Книга эта — пудовый том "Мужчина и женщина", — по утверждению авторов "раззолочена, как икона". Сравнение, как будто, указывает на издевательское отношение авторов к тунеядцу и женолюбу Васисуалию: дескать, превратил в предмет культового поклонения довольно-таки скоромную книгу. Нам, однако, посчастливилось некогда эту книгу в руках держать и даже полистать. И вот что мы запомнили: на переплете тисненным золотом изображалось древо с двумя голыми разнополыми фигурами под ним, за которыми, притаившись в листве, подглядывал некто чешуйчатый; сама же книга начиналась общенаучными рассуждениями об Адаме и Еве как основополагающем мифе человеческой истории. Стало быть, сравнение с иконой есть не знак авторского отношения к персонажу, но честное описание действительности (в облике книги), каковая действительность не по воле авторов оказалась пародийно смещенной: пудовый том, раззолоченный, как икона, сам себя отсылал к Книге Книг. Версию мифа о комсомольце Адаме и комсомолке Еве через несколько глав предложит другой персонаж "Золотого теленка" — господин Гейнрих, в ответ на что демон и падший ангел Остап изложит свой основополагающий миф (о смерти Вечного Жида), а пока городской пожар и спасенная от него книга возвращает нас к другому повествованию о соблазнителях и соблазненных — роману "Бесы" и одному из его героев — Степану Трофимовичу, чье литературное и культурное будущее, по ехидному замыслу Ильфа и Петрова, Васисуалием не завершается и не исчерпывается.

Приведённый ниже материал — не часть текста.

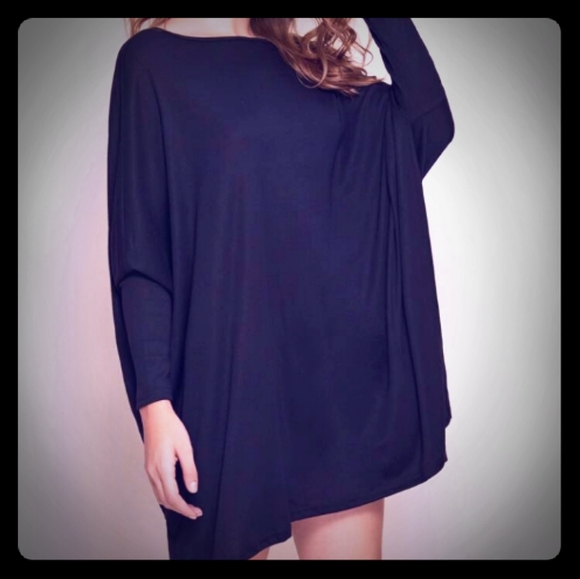 HSINLA Dresses & Skirts - *Solid Dolman Sleeve Oversized Dress*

Речь Верховенского-старшего изобилует вторжениями французского ("Je suis un приживал"). Но точно так же двуязычен и Васисуалий: роль иностранного языка у него выполняет пятистопный ямб. От Архилоха до Блока ямб служил выражением активной жизненной позиции, а также целям обличения. Трудно предположить, что острие сатиры Ильф и Петров направили именно в Архилоха. Скорее их внимание привлек А.Блок, прославленный как своими пятистопными ямбами ("Вольные мысли"), так и мучительными раздумьями на другую, близкую Васисуалию, тему — "Интеллигенция и Революция" (1918).